If anything, it is Mr Obama's advisers who seem more concerned about how to deal with the growing budget deficit, which could add to the problems of the US economy in the long run.

A worker puts the finishing touches on GM's Cadillac CTS
Unionised workers are angry about job losses to China.

Mr Obama, who flirted with a populist approach to economic policy during his primary campaign, appointed a conservative Democrat, Jason Furman, as his economic advisor in June.

Mr Furman had headed the Hamilton Project, a project sponsored by former Democratic Treasury Secretary Robert Rubin to ensure that the new administration has sound economic policies.

And Mr Obama has consulted Mr Rubin, along with his successor as Treasury Secretary Lawrence Summers, and former US Labor Secretary Robert Reich, who all took part in his economic summit on Monday.

To emphasise the bipartisan nature of his approach, he also invited former Bush Treasury Secretary Paul O'Neill, who fell out with the President over the cost of the Iraq war, and Paul Volker, the chairman of the Federal Reserve before Alan Greenspan, who famously clashed with Ronald Reagan over supply side economics and the budget deficit.

Other people attending the summit were Google chief executive Eric Schmidt, Jamie Dimon, chief executive of JPMorganChase and business investor Warren Buffett, the richest man in the US, as well as trade union leaders John Sweeney of the AFL-CIO and SEIU Secretary-Treasurer Anna Burger.

There is disagreement among Mr Obama's advisers as to how far he should go in pledging further budget measures to revive the economy and provide further help to beleaguered home owners.

Mr Summers argues that the US government should nationalise Fannie Mae and Freddie Mac, assuming their $6 trillion debt and begin a rapid programme of aid for households facing foreclosure.

But more conservative Democrats worry that such an approach would spook financial markets and increase interest rates on US government bonds, thus worsening the budget deficit and the credit crunch.

There are also be clashes on protectionism, with negotiations having reached a crucial stage at the world trade talks in Geneva.

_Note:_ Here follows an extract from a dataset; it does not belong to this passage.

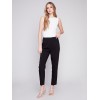 Side Slit Tapered Pants - Black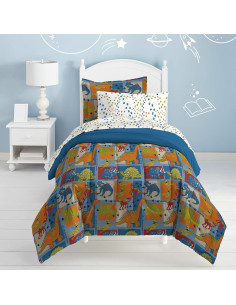 Juego de Edredón Individual Dream Factory Dinosaurios Azul 2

Trade unions argue that the US should not sign any new trade deals that do not have clauses protecting workers' rights, while Mr Rubin believes that a descent into protectionism would exacerbate the world economic slowdown.

Health care

The budget crisis could make it more difficult to Mr Obama to implement his main domestic policy agenda.

He has been campaigning in favour of an expansion of US healthcare to make sure that all children, and ultimately all citizens, are covered.

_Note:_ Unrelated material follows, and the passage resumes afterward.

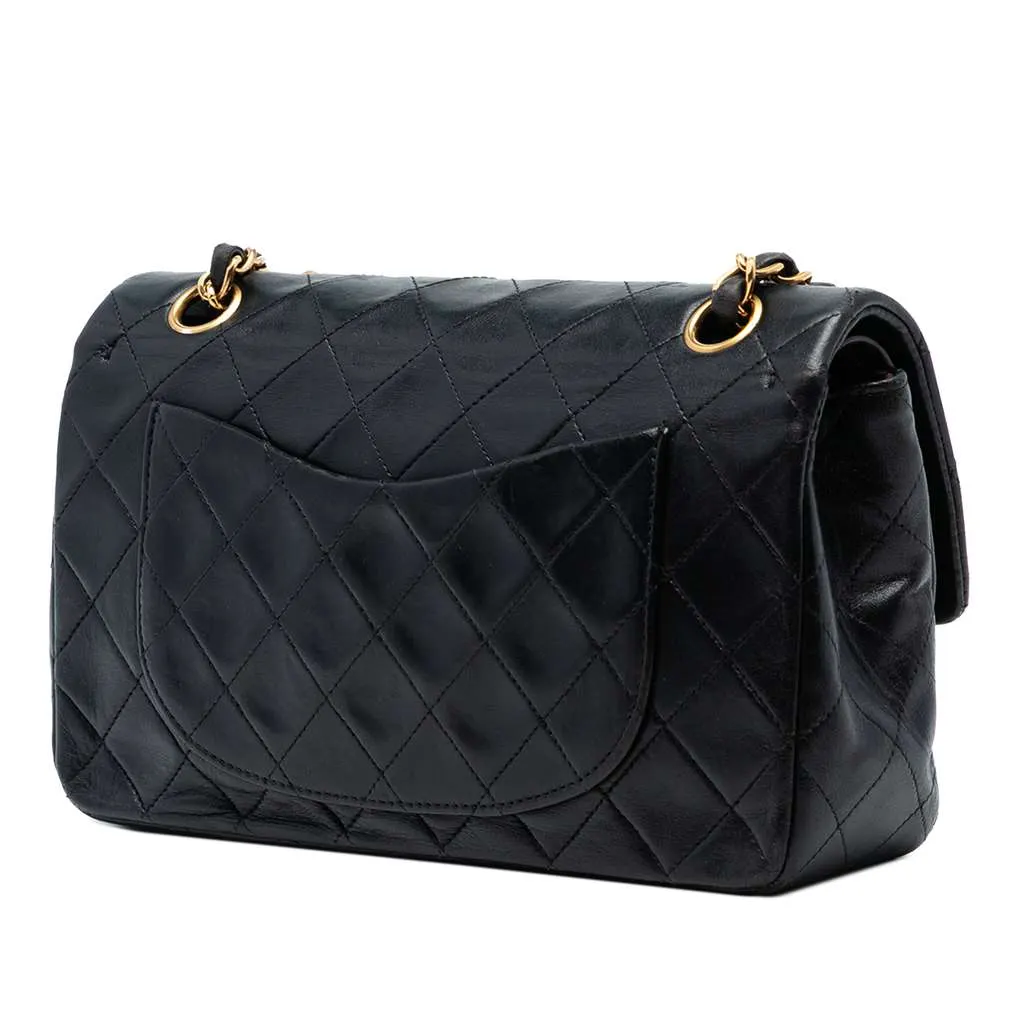 Chanel Small Classic Lambskin Double Flap Black Leather Good - Back View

This could cost some $100bn per year, adding to budget pressures.

Mr Obama could slow plans to implement any healthcare reforms, but he has already lowered expectations by aiming to provide universal coverage only for children under 18 in the first instance.

He has also spoken of his ambitious goals to reverse inequality, which has increased in the US in the last decade despite economic growth and underlies much of the current mode of disenchantment.

And he has pledged to reform social security to ensure it is adequately funded, possibly by raising the ceiling on the level of income that triggers tax payments into the social security trust fund.

But he has indicated that he may delay any plans to raise taxes if the economy continues to worsen, which is further widening inequality.

Peace dividend

Mr Obama was also counting on the peace dividend from withdrawing from Iraq - which costs the US government $15bn per month - to help generate funds for healthcare and other projects.

But it has become clear recently that the deteriorating situation in Afghanistan, and the unresolved tensions with Iran, make it unlikely that the number of US troops serving abroad will be reduced imminently.

So whoever wins the US presidential election in November is likely to be facing a series of sobering economic policy choices in January.

Such challenges could become even more acute if the US economy is actually in recession by then - something that may emerge just a few days before the election when the third quarter economic growth figures are released.